How hard is it to understand that we're not there yet. We just need a simple driver's learning permit so she can be EVALUATED to see if she is able to learn how to drive. Anyway to make an extremely frustrating and long experience shorter, we walked out with a 60 day permit to have her checked out and tested to see if she can even drive at all. Thank you, Lord!

But, that's the kicker...

With her disability comes challenges I've never had to face. Thinking about her driving freaks me out. Will she be able to be taught how to drive? Can she even keep a car on the road? Will there ever be a day when she's independent with her own transportation and home? In the natural, I just don't see it happening. My vision is weak on this one. I'm worried.

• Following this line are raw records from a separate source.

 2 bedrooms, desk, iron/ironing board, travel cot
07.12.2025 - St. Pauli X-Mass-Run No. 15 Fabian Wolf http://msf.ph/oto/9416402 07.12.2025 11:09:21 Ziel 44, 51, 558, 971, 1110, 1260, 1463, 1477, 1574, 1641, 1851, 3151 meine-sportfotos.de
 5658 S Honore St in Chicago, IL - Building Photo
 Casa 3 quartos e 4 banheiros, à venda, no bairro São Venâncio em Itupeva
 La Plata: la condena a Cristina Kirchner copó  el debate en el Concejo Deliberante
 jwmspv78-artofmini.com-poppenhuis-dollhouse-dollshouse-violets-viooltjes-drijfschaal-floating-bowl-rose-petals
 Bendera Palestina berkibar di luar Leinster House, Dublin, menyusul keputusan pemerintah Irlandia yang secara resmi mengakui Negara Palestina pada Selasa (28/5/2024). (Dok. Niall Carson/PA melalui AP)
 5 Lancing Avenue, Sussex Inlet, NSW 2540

BUT, on the other hand...with God! All things are possible...He is the only hope for a new day for her. This girl has wanted physical independence her whole life. I sure hope it happens. I pray it happens. I know I should give no thought about what will happen tomorrow. The Lord has it all under control and He doesn't need my help to fix any of this. Still...worry nags at my heart, my mind. I'd like to see the future of this situation all laid out step by step with the Lord's answers for my questions. I feel like a pancake on this stuff. First, I flip this way--then I remember the truth and flip over that way. Yeah, I know. All those laid out answers just aren't going to happen. I need to talk to the Lord about this one.

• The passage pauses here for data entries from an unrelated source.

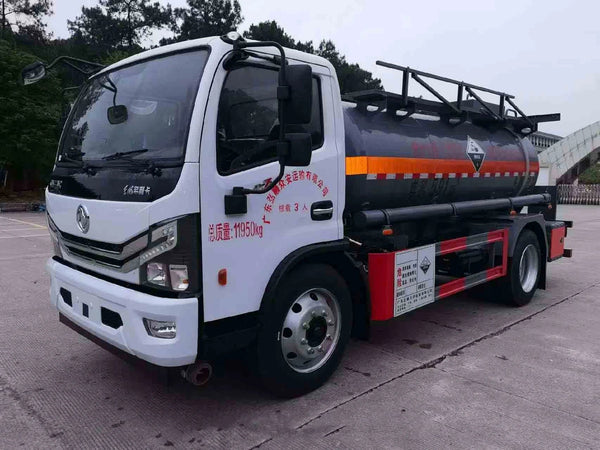 5-7 cubic chemical liquid transport truck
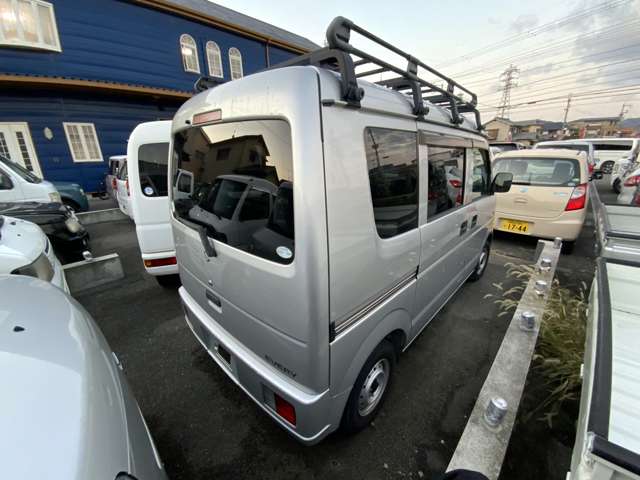 Suzuki Every 4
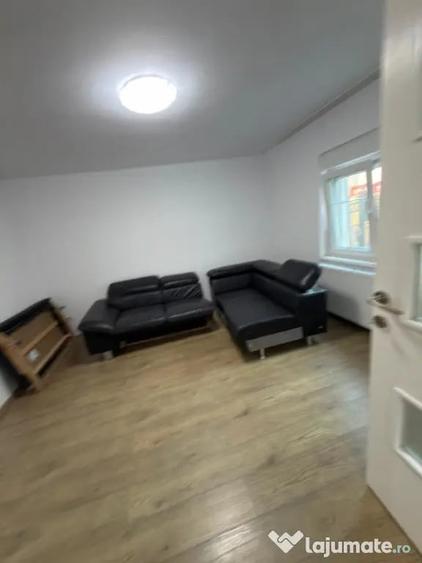 Casă cu 3 camere cu Teren 300 Mp în Delfinariu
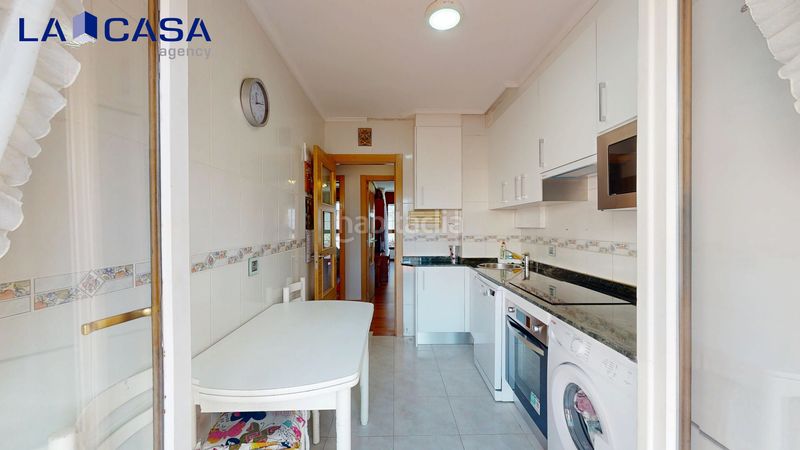 Foto f5236d50-e4a6-496e-9f42-d832d181f826. Flat with heating in Colindres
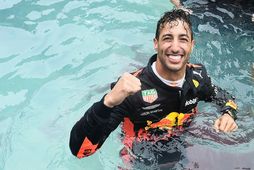 Daniel Ricciardo fagnaði sigrinum í Mónakó meðal annars með því að stökkva út í sundlaug …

Lord, I'm still fretting over this stuff and I don't like it. Fretting is stressful and useless. I know you are in control and there's nothing that escapes your attention. Please take this whole issue and work it out the way YOU want to work it out. It feels scary to say it that way but I really don't want to be in charge. I'm not that smart and certainly not that wise. Take care of Kayla, your way. Help me cast this burden on You. I love you, dear Father.